Jr figured out the banjo when he was 14 and played square dances in his late teens and early twenties. He tired of it. He called it "draggy," too slow. He was a mountain boy. Wanted it faster, faster, like a car. There was a time he had a 56 Ford and said it was the fastest car in the county. How do you reckon he found that out? I don't think he figured it out on paper. He quit playing several years. Bluegrass brought him back. He wanted to do that finger roll. Bluegrass was the only music he listened to. He could listen to country on WBRF afternoons in an empty house. He heard country, listened to bluegrass. Nothing else was even music to him. One of his sayings about old-time, was "if old-time aint got drive, it aint got nothin." Some object, but I'm with it. Whitetop Mountain Band, for example, is an old-time band with drive. Good musicians, good drive, good music

I've sat with him in the evenings listening to bluegrass on WBRF while we talked. When it was Wake Forest basketball, football or Nascar races, we left it off. Jr needed no white noise. He watched no television. Nothing interested him on tv except the few minutes of weather in the middle of the regional news. We had it timed pretty good so I could turn it on the momen the weather started and off the minute it's over. I like silence. Jr liked silence. Both of us were comfortable in silence. If he needed to have a tv on, I'd have never spent any time there. Of course, there's some that's good. There's good stuff going on in New York, too, that I'm missing, just like I'm missing the good stuff on tv.
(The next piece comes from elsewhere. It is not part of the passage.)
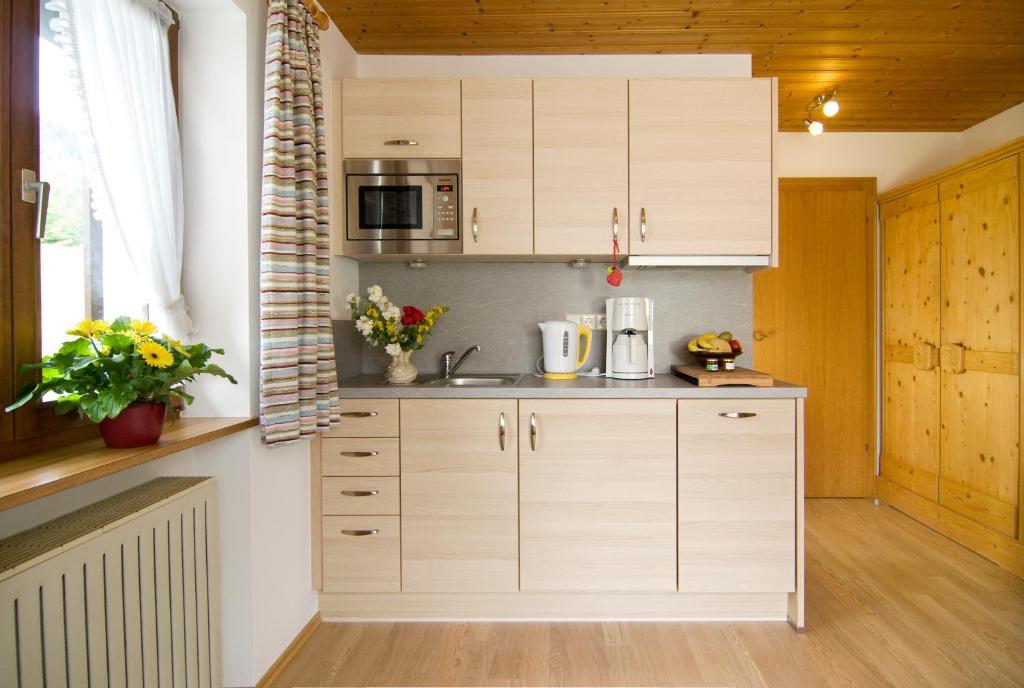 Haus Christl Reit Im Winkl, Kostenloser Parkplatz, 5 Minuten Zum Ortszentrum, Ruhige Lage, Wlan Номер фото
I miss almost everything in this world, because I can only be one place at a time and must rest now and then. So I rest a lot and miss everything. Tomorrow night at the Front Porch frame shop behind Bobby Patterson's Heritage Shoppe, where he sells mountain music, emphasis SW Virginia, Steve Lewis, Scott Freeman and Willard Gayheart will be pickin and singin. Small place, a dozen or so people, some of the finest musicians in our area. Steve can lay it to a banjo. He can tear up a guitar too. And he's a true human being. He's an artist.

I've been immersed in hearing Jr's banjo, Art Wooten's fiddle, Cleve Andrews's and Ernest Johnson's. Johnson is in Wilkes County. He was a fiddler Jr thought a great deal of, also Johnny Miller, another Green Mountain Fiddler, perhaps the last one. Now if something could be found with Tiny Pruitt on it. They say he could light up a fiddle. Jr told me that after Bob Caudill died, which was the end of the Green Mountain Boys, he with Tiny Pruitt and Vick Daniels, a guitar picker from Independence, decided to start working toward recording an album. One night at Jr's house they worked on a song of Vick's composition. On the way home that night, Vick died at the steering wheel of a heart attack. Not much later, Tiny, working in his alignment shop in Wilkes was up on a ladder, fell off, popped his head, that was it. Jr put up his banjo. His last wife didn't like bluegrass and despised banjo. He played despite her, but then there came the time he had nobody to make music with. He was out of heart. Peace with his Scorpio Yankee wife was an ongoing concession. Maybe if he quits playing, she'll like him better. LOL.

He sold the banjo to Richard Woodie, took the money from the banjo and put it in a redbelly Ford tractor that he kept parked in the shelter of a shed below the house. It was his banjo in storage. I mistakenly believed picking banjo again would help his spirit, which was dragging bottom a few years after his wife took him for all she could get and went back up north, but it hurt his noting fingers that had lost their calouses on the tips. He couldn't make his fingers do what he wanted them to do. The banjo was too heavy to hold comfortably standing up and he didn't like to play sitting down. He couldn't remember the tunes he used to play. The ones he could remember, he didn't remember the whole thing. It became a frustration for him I regretted bringing up. I wasn't the only one. Nearly everyone he knew was at him to pick his banjer up. Another lesson for me in letting things be as they are.